The incident took place shortly after June 21st, 1947. On that date, seaman Harold A. Dahl, out scavenging for drifting logs, claimed to have seen six UFOs near Maury Island.

Dahl, his son Charles, an unnamed hand and Dahl's dog were on the boat. Dahl reported seeing four, five or six (the initial FBI report says four or five) "doughnut-shaped objects" flying in formation over the area where his boat was.

He said he could see blue sky through the holes in the center of the discs, and that there appeared to be port holes lining the inside of the ring.

One of the craft appeared to be malfunctioning, Dahl reported, and another craft edged up to it, then retreated. At this point the troubled craft began ejecting objects through the inner port holes.

Slag-like material began hitting the boat and damaged the windshield, the wheel house and a light fixture, and killed his dog on the deck. He said his son was also slightly injured by falling debris.

Dahl claimed to have taken a number of photographs of the UFOs, and recovered some type of slag  ejected from the craft that malfunctioned.

Dahl also recovered samples of sheaves of lightweight white sheets of metal that fluttered like "newspapers" out from the inner ring of the troubled UFO to the ground.

The next morning, Dahl reported, a man arrived at his home and invited him to breakfast at a nearby diner; Dahl accepted the invitation.

He described the man as wearing a black suit and driving a new 1947 Buick; Dahl assumed he was a military or government representative. Dahl claimed the man told him details of the UFO sighting while they ate, though Dahl had not related his account publicly.

The man also allegedly gave Dahl a non-specific warning which Dahl took as a threat that his family might be harmed if he related details of the sighting.

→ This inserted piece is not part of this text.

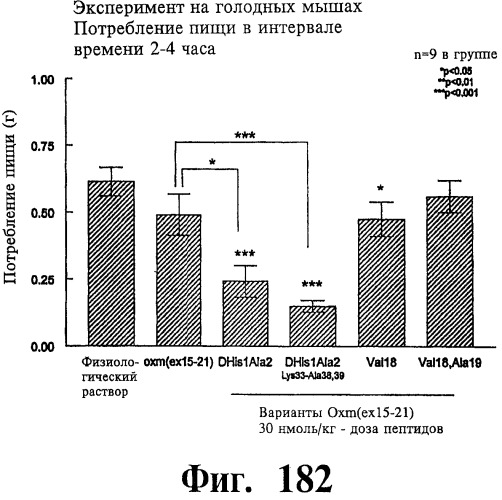 Соединения оксинтомодулина (варианты), фармацевтическая композиция на их основе, способы лечения и профилактики ожирения и сопутствующих заболеваний (варианты) и лекарственное средство (варианты) (патент 2485135)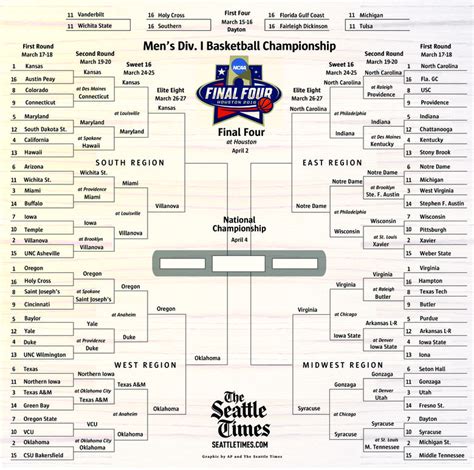 Printable Gonzaga Basketball Schedule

Some confusion and debate over Dahl's statements have occurred. Dahl would later claim the UFO sighting was a hoax, but has also claimed the sighting was accurate, but he had claimed it was a hoax to avoid bringing harm to his family.

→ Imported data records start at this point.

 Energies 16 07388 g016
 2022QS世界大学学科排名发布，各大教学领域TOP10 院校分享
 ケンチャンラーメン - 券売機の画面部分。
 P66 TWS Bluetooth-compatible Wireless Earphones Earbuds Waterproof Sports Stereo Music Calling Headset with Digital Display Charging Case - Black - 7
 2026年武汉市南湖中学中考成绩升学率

This event took place at the very beginning of the modern phase of UFO sightings, usually connected with Kenneth Arnold's report from Mount Rainier and the Roswell incident.

It contains elements that became embedded in UFOlogy until now, including men in black, what appeared to be a government cover up, mysterious disappearance of physical evidence, mysterious disappearances of eye witnesses (Dahl and Crisman), mysterious deaths and inexplicable situations.

Was it a hoax? If so, whose? Dahl claimed the mysterious dark man driving the black 1947 Buick who visited him retold the events on the boat as if he had been there, although Dahl himself hadn't related the story publicly at that point. Dahl began denying the story only after the two Army Air intelligence officers died in the B-25 crash.

Dahl and Crisman told the FBI investigator they had concocted the story at the urging of Ray Palmer who wanted the mysterious rock formation to have originated on an alien saucer.

They claimed to be playing along with Palmer who wanted a story to publish, and yet the FBI agent also notes that Dahl and Crisman were "obviously" not telling all they knew and were attempting to cover something up.

Confronted on the one side with credible testimony by reliable witnesses and even military personnel with top secret security clearances on the one side and clamor in the public media on the other side, some U.S. military organizations undertook studies to determine the nature of and possible threat posed by the UFOs.

Many wondered whether the UFOs were extraterrestrial or whether they were a new Soviet espionage method, and the public and intelligence communities noted the tendency of UFOs to appear over military bases during the early years of the Cold War.

One of the earliest investigations was Project Twinkle associated with sightings of green fireballs by scientists and staff with the post-WWII Manhattan Project and at Sandia National Laboratories in the American Southwest. Project Grudge soon followed, which in turn was replaced by Project Bluebook.